Introduction to Alexa
Amazon’s Alexa is the voice activated, interactive AI Bot, or intelligent personal assistant in the cloud that lets people speak with their Amazon Echo, Echo dot and other Amazon smart home devices. Alexa is designed to respond to number of commands and converse with people.
Alexa Skills are apps that give Alexa even more abilities. These skills can let her speak to more devices or websites.When the Alexa device is connected through wi-fi or Bluetooth to the internet, it wakes up by merely saying “ALEXA”. Alexa Skills radically expands the bots repertoire, allowing users to perform more actions with voice-activated control through Alexa.
Overview of Alexa Skill
The most important part of ALEXA skill is its interaction design. Alexa skills don’t have visual feedback like web or desk top applications and will guide the user through the skill using voice. All Alexa skill replies needs to tell the user clearly what the next options are.
An Alexa skill is a small application that interacts with Alexa via an AWS Lambda function
Designing the Alexa Skill
The most important aspect of the skill is its Vocal interface. The skill should be interacting naturally with the user. The components of Alexa Skill are :
- Alexa requires a word, often called as Wake phrase which would alert the device that they can expect a command immediately after.The Default wake phrase is ALEXA. It can also be Amazon, Echo,Computer.

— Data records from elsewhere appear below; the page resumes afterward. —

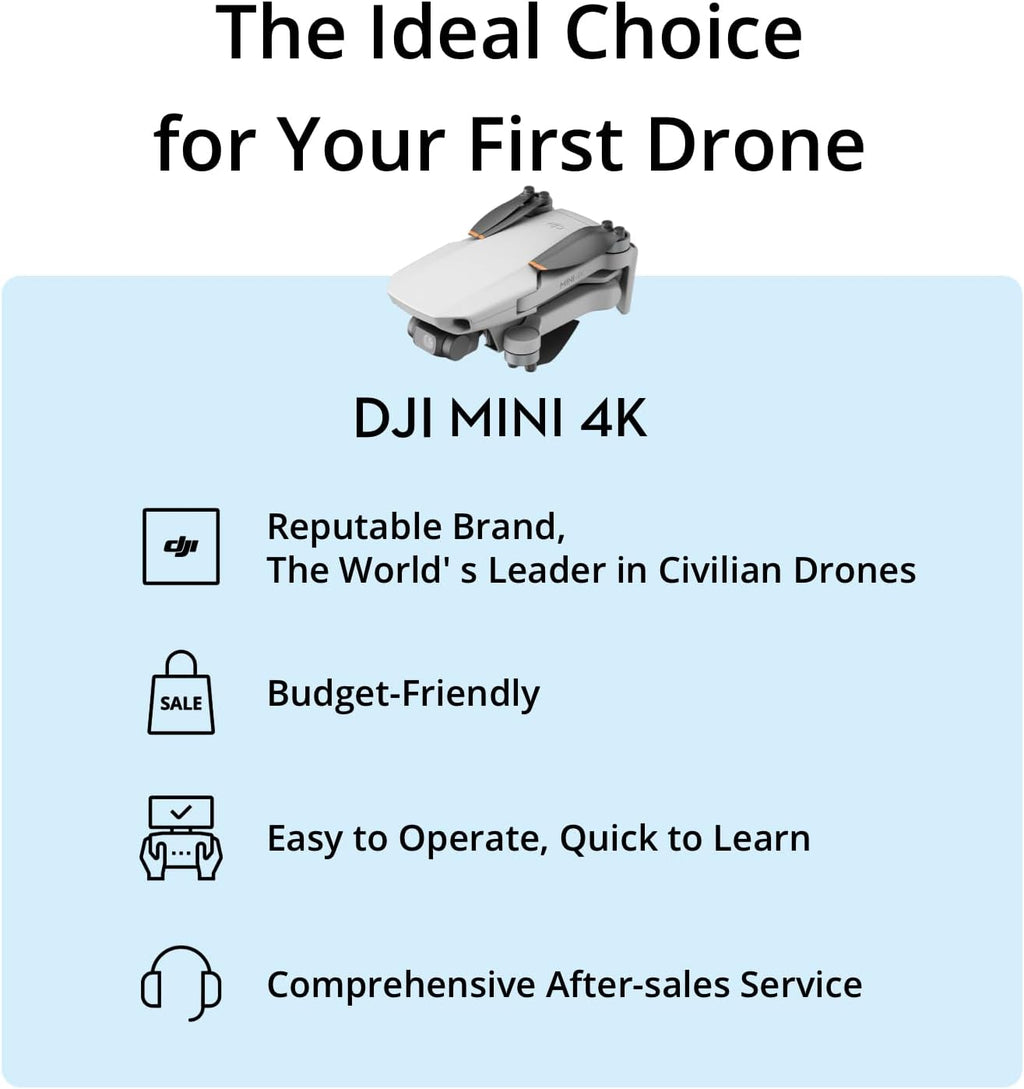 Mini 4K, Drone With 4K UHD Camera, Under 249 g | 3-Axis Gimbal, 10km Video Transmission, Auto Return, Wind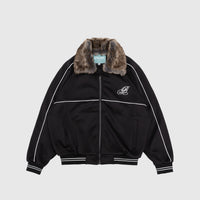 FUR COLLAR TRACK JACKET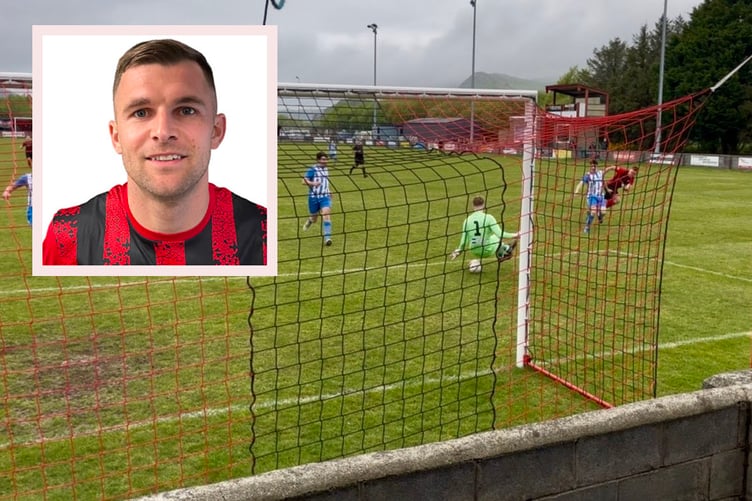 Danny Brookwell scored an early goal for Porthmadog
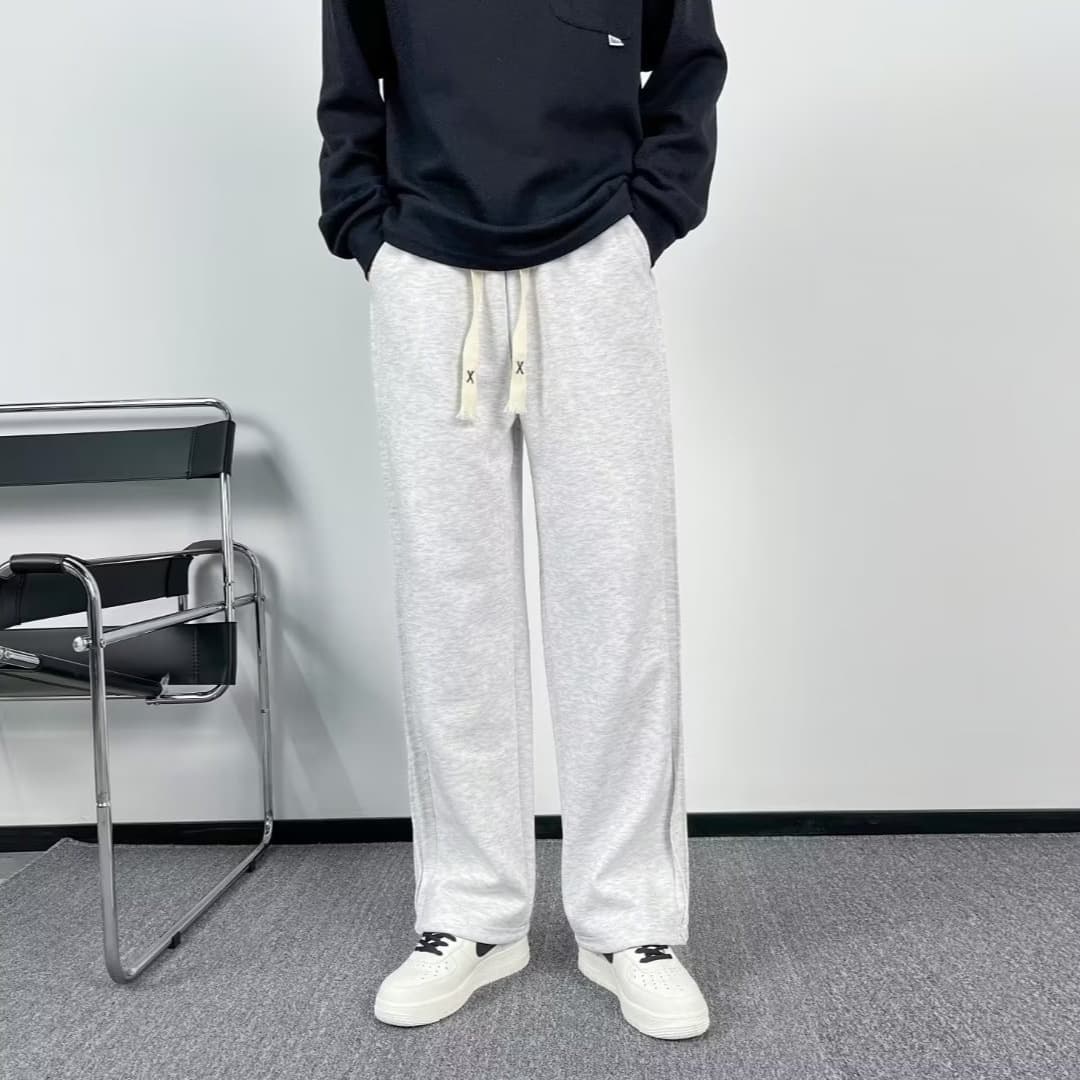 Men's Clothing Spring And Autumn New Loose High Street Trend All Match Straight Pants Ins Trendy Brand Sports Trousers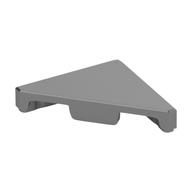 Tile 45° Cut 2 x 2 (Triangle) (Metallic Silver)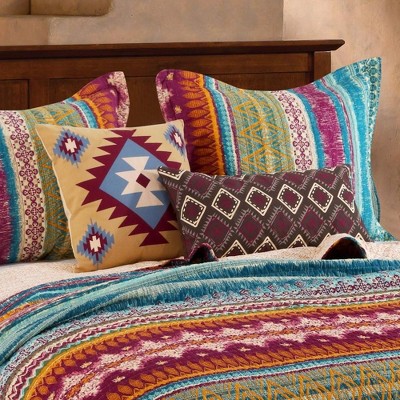 Southwest Geometric Earth Tone Cotton Throw Pillow Set
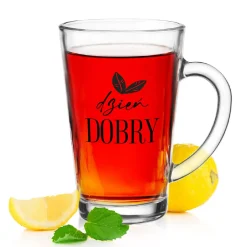 Szklanki I Kubki| Kubek szklany z uchem IWO 300 ml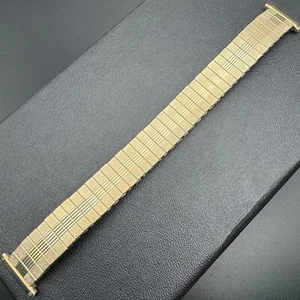 Vintage Bulova Accutron Gold Fill Watch Metal Band Bracelet NOS BU-46 - Picture 1 of 9
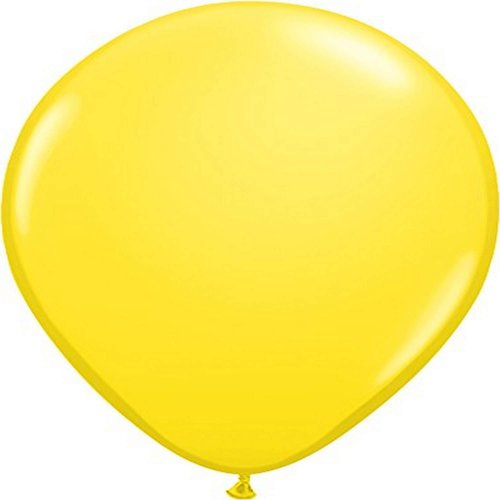 Qualatex 16" Yellow Latex Balloons (50ct)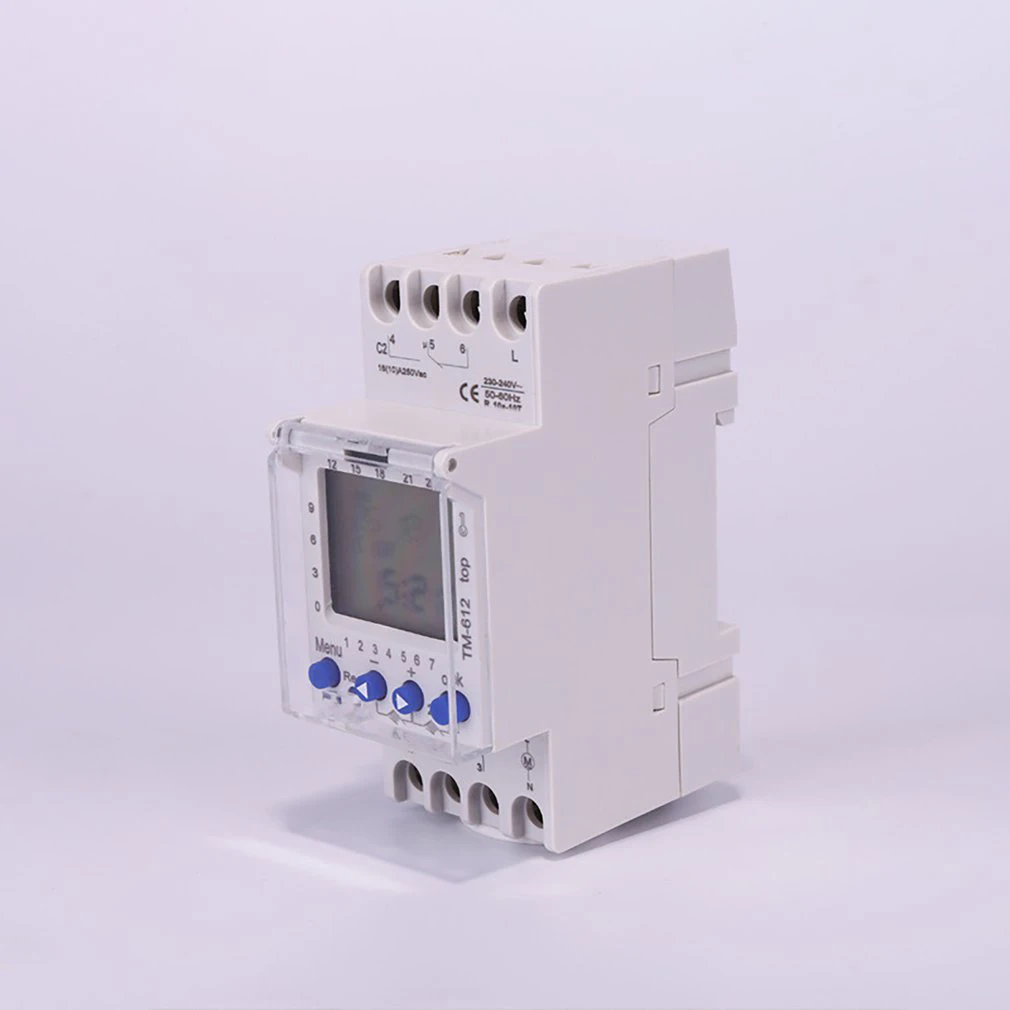 

SINOTIMER 220V Timer Switch TM610 TM611 TM612 18mm 35mm Rail Installation LCD Digital Programmable Timing Controller Switch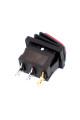 Перемикач міні KCD1-2-101NW, IP65, 6A, 3pin, підсвічування 220V, ON-OFF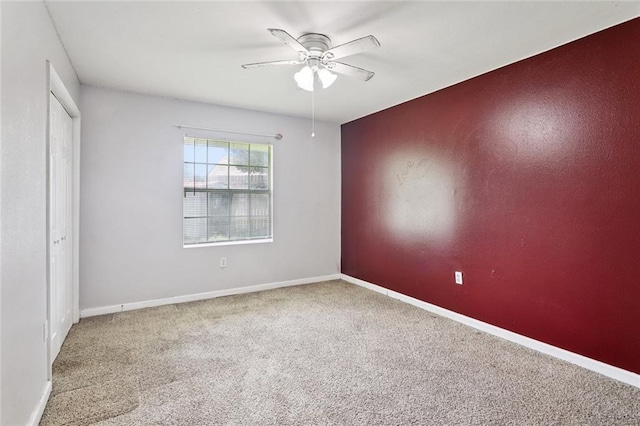 4046 Riviera Dr, Slidell, LA 70458 - unfurnished bedroom featuring carpet floors, a closet, and a ceiling fan
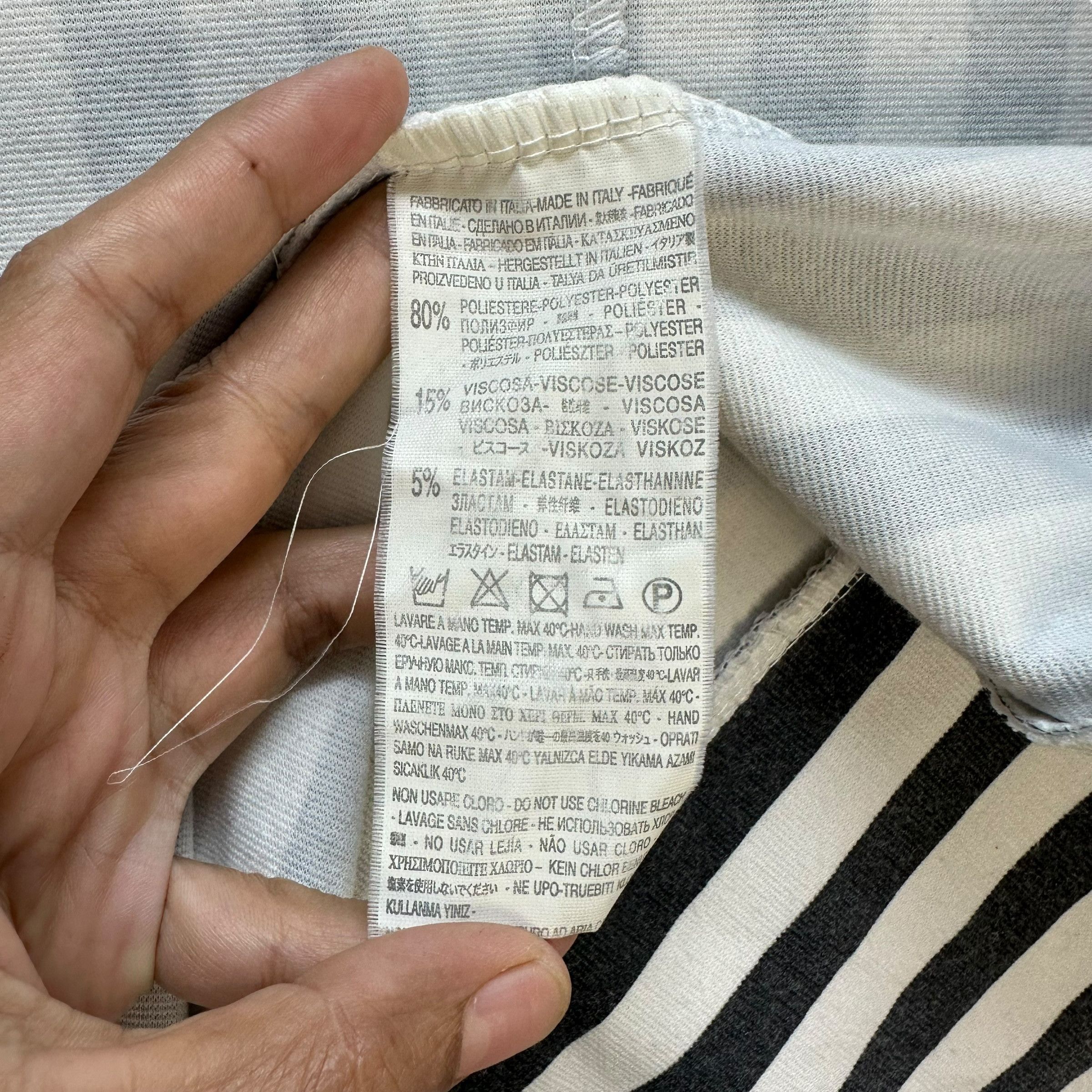 Other RINASCIMENTO Black White Striped Lightweight Blazer A75-1802 Size S / US 4 / IT 40 - 10 Thumbnail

- Launch Phrase is the word that tells Alexa to trigger a skill. Examples of Launch phrase are “ OPEN”, “ASK” , “START”, “LAUNCH”.
- Invocation name is the name of the skill.
- Intents are the goals that the user is trying to achieve by invoking the skill.
- Utterance tells alexa what the skill should do. Apart from Static utterances such as Start and Launch, dynamic commands can be added. These Dynamic commands are called slots.
- Each intent can contain one or more slots. A Slot is the variable that is parsed and exposed to the application code.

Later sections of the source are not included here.